I didn’t mention Julianne Moore. I decided not to shell out the $20 for the author breakfast she was speaking at, even though I desperately want to see her in person. It’s just that I don’t want to see her talking about her children’s book. It’ll totally mess with my fantasy life. She’s on my list. Besides, if I were going to hit an author breakfast, I should have hit the adult one, with Jeffrey Euginides and—OMG!—Diane Keaton. And Diane Keaton is on my list of celebrities with whom I want to have tea and maybe go shopping and gossip about Fun Stupid Stuff. Me, Diane, and Meryl Streep. Don’t even get me started on Meryl. We have the same birthday and I’ve had a sisterly crush on her for, like, EVER. I would do anything just to be in the same room with her and embrace her aura.
But all I had to do to be in the same room with John Lithgow was walk in the humidity across town to the Javits. Lithgow has written like 8 children’s books, if you didn’t know it, but this marks the first time he’s written something for adults. It’s basically a memoir, and owes a lot to his father. Who was a regional theatre producer and got Lithgow started in le show beeznuss. He read us a hilarious story about blowing it as a stage hand for Marcel Marceau, and when asked about his experience writing the book, said “It was so damn hard! I don’t know how writers do it.” We drink, John. We drink… a lot. “At least I could say ‘fuck it,’” he went on, since it’s not really his bag. If only….

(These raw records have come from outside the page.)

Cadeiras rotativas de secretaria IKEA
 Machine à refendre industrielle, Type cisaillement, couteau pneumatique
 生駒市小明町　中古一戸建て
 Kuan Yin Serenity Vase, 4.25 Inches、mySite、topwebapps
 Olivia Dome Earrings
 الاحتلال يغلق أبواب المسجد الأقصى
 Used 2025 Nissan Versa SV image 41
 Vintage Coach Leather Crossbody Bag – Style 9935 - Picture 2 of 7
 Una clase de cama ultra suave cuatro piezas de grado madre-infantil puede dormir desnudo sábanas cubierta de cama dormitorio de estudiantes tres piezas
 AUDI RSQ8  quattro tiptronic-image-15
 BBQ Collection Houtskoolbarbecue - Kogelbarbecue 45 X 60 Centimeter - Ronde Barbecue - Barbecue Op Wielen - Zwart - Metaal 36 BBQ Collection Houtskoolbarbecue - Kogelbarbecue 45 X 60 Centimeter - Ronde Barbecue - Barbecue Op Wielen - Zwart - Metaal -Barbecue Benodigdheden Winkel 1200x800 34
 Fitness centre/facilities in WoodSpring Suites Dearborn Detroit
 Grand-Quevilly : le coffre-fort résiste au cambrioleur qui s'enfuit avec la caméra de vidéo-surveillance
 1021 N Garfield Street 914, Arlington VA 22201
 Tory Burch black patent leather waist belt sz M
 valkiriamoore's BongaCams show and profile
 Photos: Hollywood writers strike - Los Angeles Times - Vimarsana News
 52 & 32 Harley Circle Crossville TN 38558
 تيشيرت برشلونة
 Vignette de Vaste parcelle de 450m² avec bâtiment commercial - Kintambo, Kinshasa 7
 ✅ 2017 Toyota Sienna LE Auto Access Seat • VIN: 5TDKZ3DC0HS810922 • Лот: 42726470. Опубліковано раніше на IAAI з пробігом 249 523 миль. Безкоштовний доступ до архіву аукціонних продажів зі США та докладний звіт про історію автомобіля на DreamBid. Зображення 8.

Henry Rollins, unfortunately, cancelled. He’s busy shooting a National Geographic something in somewhere. Which just proves how fucking cool he is. I just wanted to breathe the same air as the dude. I mean, punk rock musician, writer, world traveler—I’ve basically tried to do everything he’s done—and he’s been famous since I was in junior high. But seriously, if his publisher knew weeks ago that he wasn’t going to make it, why was the BEA still promoting his autograph session, 30 minutes before it didn’t happen, even via it’s mobile app? I mean, what the fuck? If you really want to make yourself crazy, check the signage in the Javits for spelling errors. If you want to know why the publishing industry is flagging, it’s not such a mystery. Besides, since everyone in the world right now is a writer with tons of readers—Facebook, Twitter, Tublr, Fucklr—not only is content free, but “high brow” stuff like spelling and grammar are, like, SO 1990s.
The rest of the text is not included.